8 Anti-Inflammatory Foods to Add to Your Diet
Ever heard of an anti-inflammatory diet and wondered what it is and whether or not you should give it a shot? This diet is built around the fact that sugars, refined grains and saturated fats in processed foods can cause unnecessary chronic inflammation in the body. This can lead to an increased risk for health challenges like heart disease, intestinal issues, anxiety and depression. And if you already have an inflammatory disease like arthritis, it can make symptoms even worse.
An anti-inflammatory diet focuses on replacing processed items with foods rich in antioxidants and vitamins (think whole grains, fatty fish, spices, plant-based proteins and lots of fresh fruits and vegetables). Anti-inflammatory diets are specific to each person—foods that reduce inflammation in some may cause flare-ups for others. Introduce these foods one at a time and take note of their effect. Stop eating any foods that cause irritation and talk to your doctor if you have concerns or questions.
Ready to give it a shot? Try eating more of these eight foods to start fighting inflammation:
- Ginger: Fresh ginger is shown to have anti-inflammatory properties and can be added to a variety of dishes. Try this Asian Mason Jar Salad with Miso Ginger Dressing or make your own ginger tea.
- Turmeric: This spice, commonly found in curry, contains inflammation-fighting curcumin. Use it to liven up dishes like our Green Tea and Turmeric Oatmeal.
- Avocado: Good news, you now have more of an excuse to indulge in all things avocado! They are full of healthy unsaturated fats and reduce inflammation as well as the pain associated with different kinds of arthritis. You can use them as a healthy substitution in some of your favorite treats, like avocado fries and avocado chocolate mousse.
- Flaxseeds: Flaxseeds are a great source of omega-3s, which help fight inflammation. Mix flaxseeds with your granola or add it to your oatmeal. Remember, to get the full benefit of flaxseeds, it’s best to have them ground so your body can use the healthy fat in it properly.
- Walnuts: Like avocados, walnuts contain healthy fats and help the body regulate inflammation. Incorporate them into your dinner with this Raspberry Walnut Dressing.
- Fruits and veggies: While all produce is key to a healthy diet, make sure you’re getting enough dark leafy greens and brightly colored fruits. Antioxidants that give berries the purple/red color help the body’s immune system and aid in reducing inflammation. Vitamin K found in spinach, kale and broccoli can also help with inflammation.
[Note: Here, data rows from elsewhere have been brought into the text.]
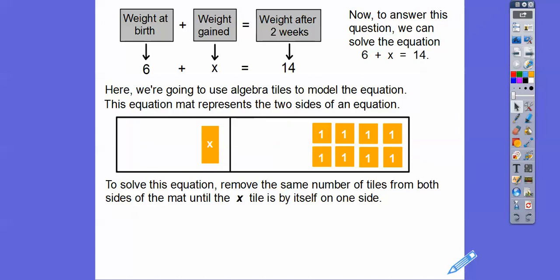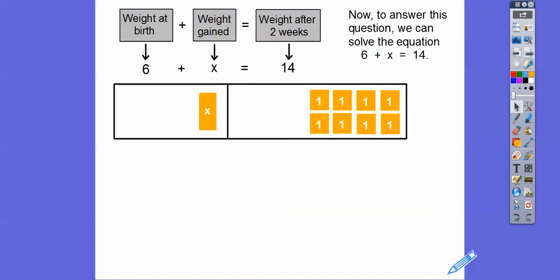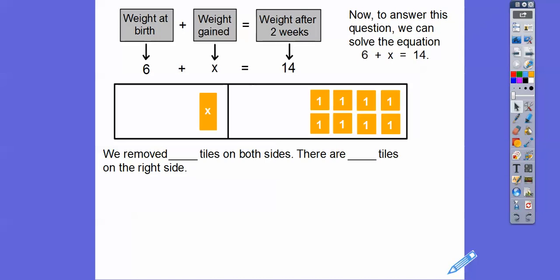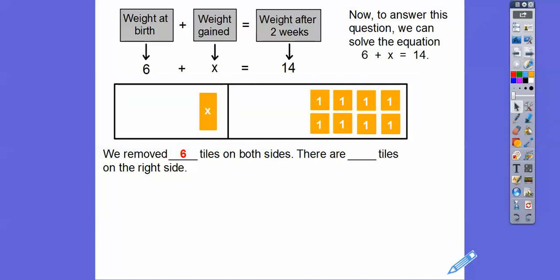Now we're left with this x here equals the remaining numbers on the right side — one, two, three, four, five, six, seven, eight. We removed six tiles, and there are eight tiles left on the right-hand side. So the puppy has gained eight ounces.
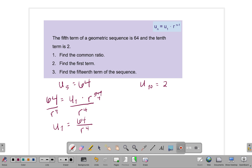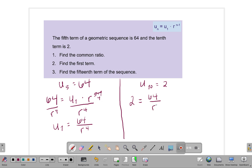Now, using the second term we were given, instead of writing the first term directly, I'm going to substitute the value 64 over r to the fourth for the first term. This gives us only one variable, r, so we can solve for the common ratio. Using the 10th term, which is 2: 2 equals 64 over r to the fourth, times r to the 10 minus 1 power, which is r to the ninth power.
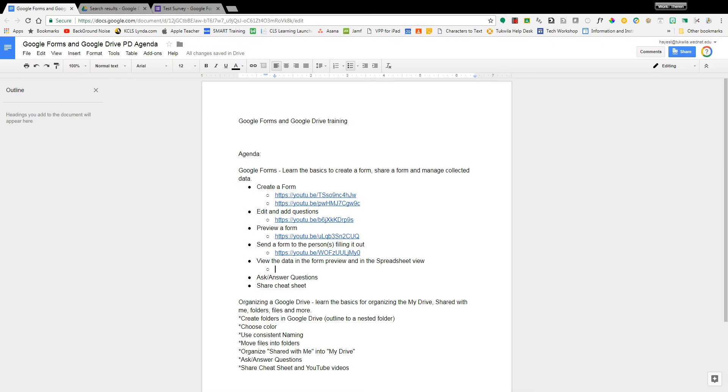Google Forms and viewing the data. This video is going to review how you can take a Google Form and view the data in the form preview.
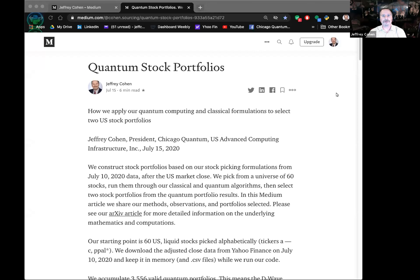Our first archive article was titled 'Portfolio Optimization of 40 Stocks Using D-Wave's Quantum Annealer.' We were very excited. We did 40 stocks and documented exactly what we did so that people could replicate the work. It came out on the 7th and we got it out there.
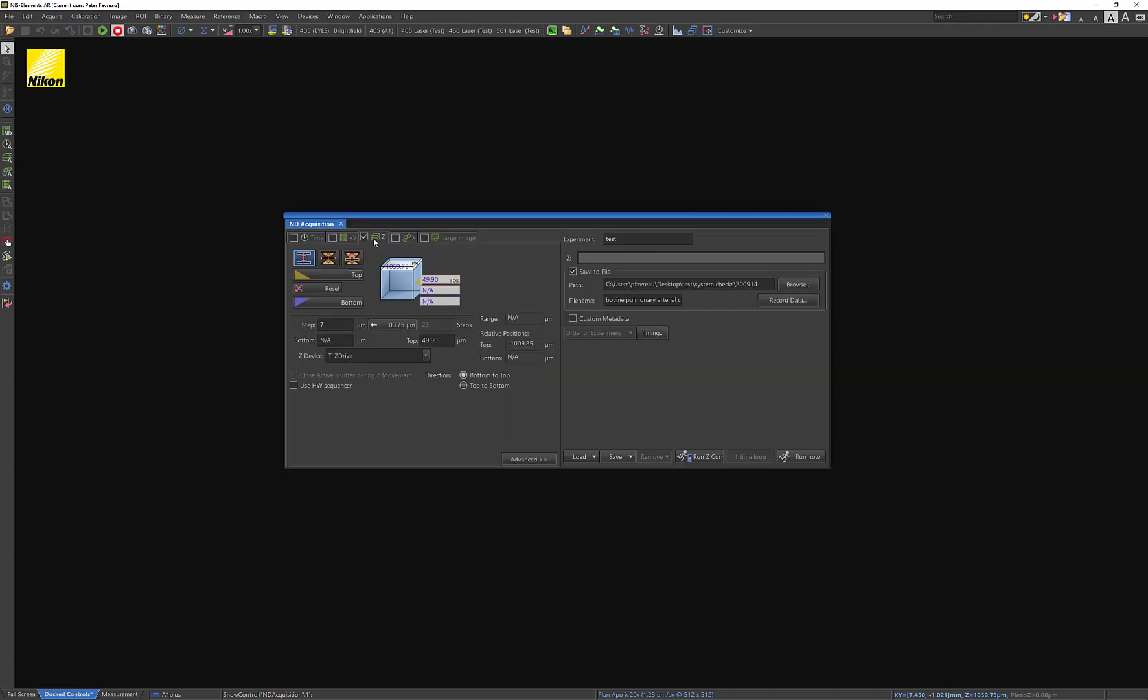Let's talk a little bit about what we're seeing here. So we've navigated here, and there's essentially three ways of acquiring a Z-Stack. The most common is the one you see right here, which is defined by the top and bottom. And that is where you are going to go into live mode, and you're going to say this is the top and this is the bottom.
- Citrus fruits: The vitamin C found in oranges, grapefruit and other citrus can help undo the damage done by autoimmune diseases. This makes it a staple for people with osteoarthritis.
- Beans: Most beans contain antioxidants and anti-inflammatory properties, while also being an excellent source of protein and fiber. Try this recipe for Red Quinoa Bean Salad or these Turkey and Black Bean Tacos.